I always wonder how O'Reilly and such stay in business when inependentents and NAPA seem to be a lot better to me. I was driving with one of my guys last week, and we went by O'Reilly and I remarked that. He immediately said, I buy all my stuff there. He went on to say that when he went into NAPA, they treated him like ****, kept talking to the resident stool warmers, and generally talked down to him and made him feel stupid because he wasn't a car guy or mechanic. O'Reilly to him is like Wal-Mart, you go in, go down the aisles, pick what you want, see the price, or go to the counter and the guys look up and sell parts to you, no embarrassment, no insider fraternity.
So, he avoids NAPA for the same reasons I go there: They have the knowledge to deal with a more sophisticated customer, but don't communicate well with non-car guys.
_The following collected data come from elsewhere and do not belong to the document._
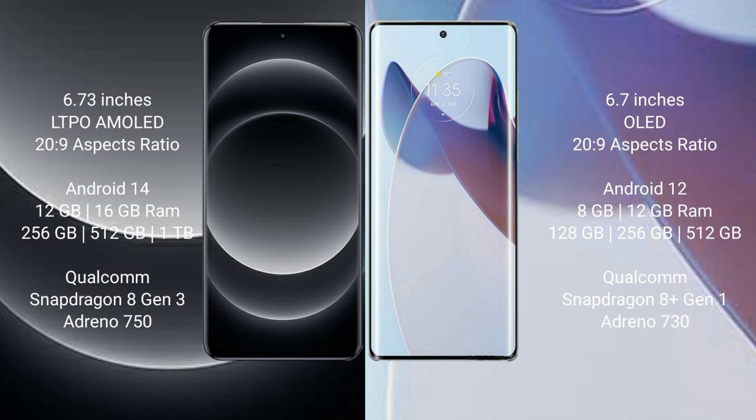The Xiaomi 14 Ultra runs on the Android 14 operating system. The Motorola Moto X30 Pro runs on the Android 12 operating system. The Xiaomi 14 Ultra comes with 12GB and 16GB RAM options and 256GB internal storage.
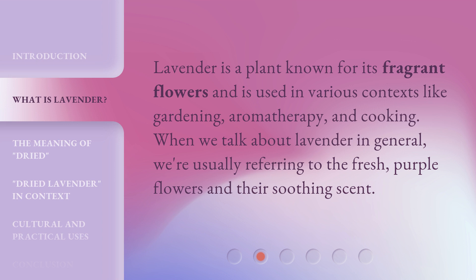Lavender is a plant known for its fragrant flowers and is used in various contexts like gardening, aromatherapy, and cooking. When we talk about lavender in general, we're usually referring to the fresh, purple flowers and their soothing scent.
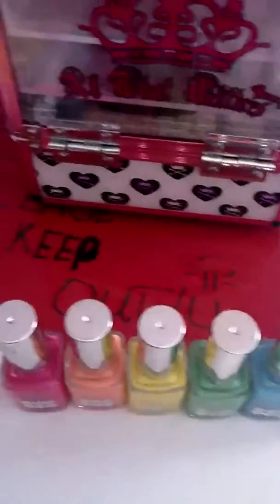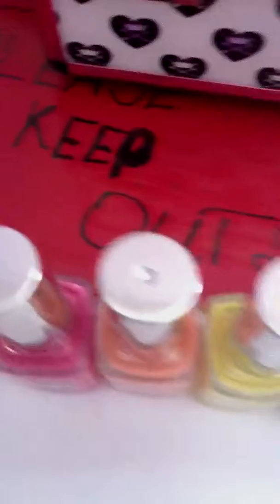I'm going to show you a tutorial on nail polish like that. And here are my doll shoes.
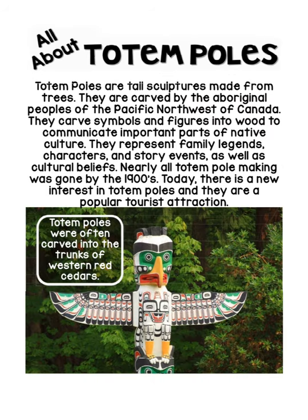All about totem poles: totem poles are tall sculptures made from trees. They're carved by the Aboriginal people of the Pacific Northwest of Canada. There they carve symbols and figures into the wood to communicate important parts of native culture. They represent family legends, characters, and story events, as well as cultural beliefs.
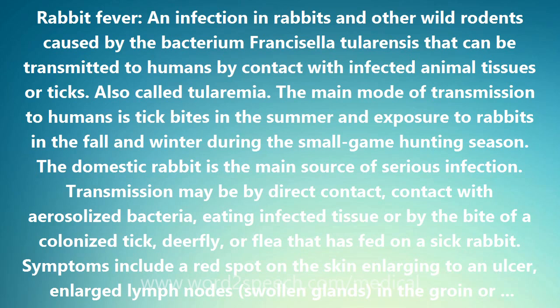It can permanently discolor teeth that are still forming. A vaccine is available for people at high risk — trappers, hunters, and laboratory workers — to prevent the disease.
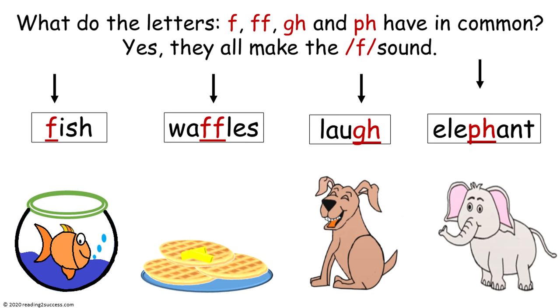What do the letters F, G, H, and P, H have in common? Yes, they all make the F sound.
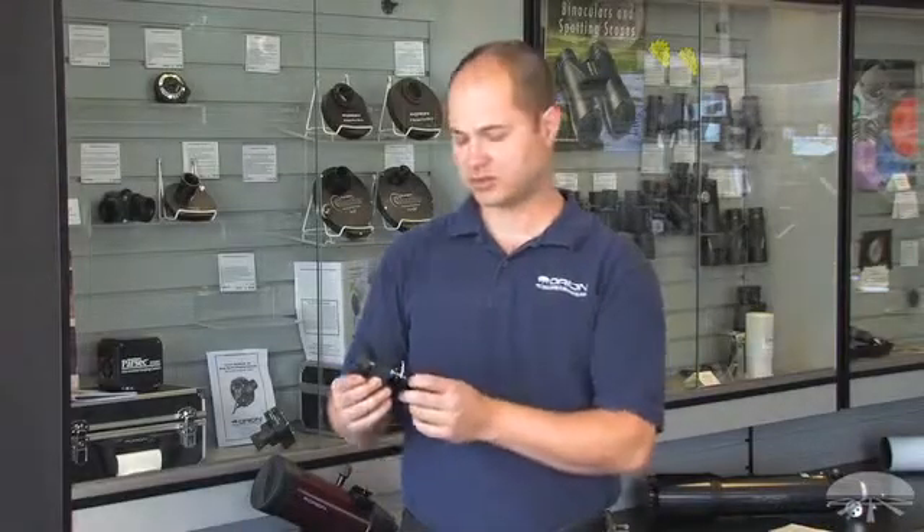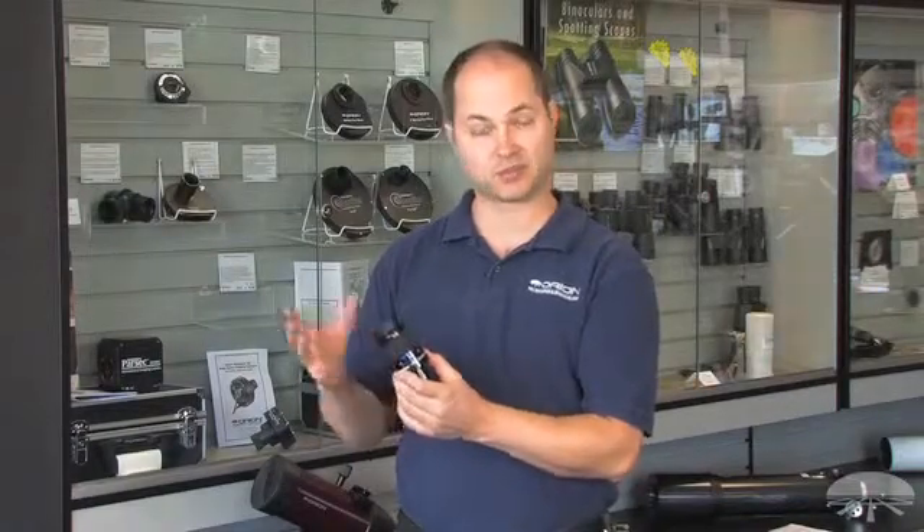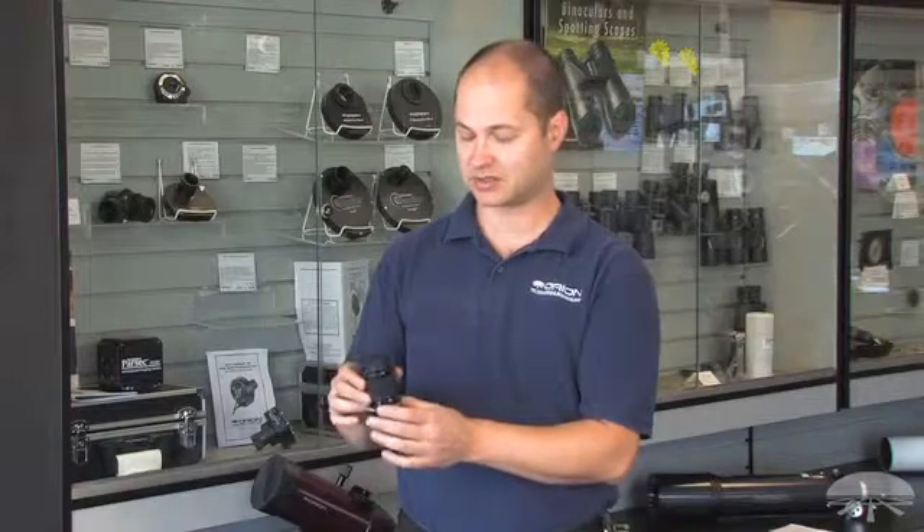Hi everyone, I'm Ken with Orion Telescopes and this is the Orion ProZoom 8-24mm. This is a really nice zoom eyepiece with a nice wide field of view and some nice features about it.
I think it's a lot like why Lowes has displaced local lumberyards: they price things, put them out where you can see them, and don't talk down to non-contractors. They realized that it was more profitable to sell $500 each to 10 homeowners at a 35% markup, than to scrape their profit down to 7% on a $20,000 house package for a contractor. To do so, they had to put clear pricing on the item, put it out where the homeowner could look at it for long periods of time and decide what they were doing, and put clerks out there that would treat the homeowners courteously and answer their beginner questions in a reasonable manner. What a concept! And it worked.
Autozone has gone one step further, and even loans out the tools in addition to selling the parts, and lets you work on it in their parking lot if you need to.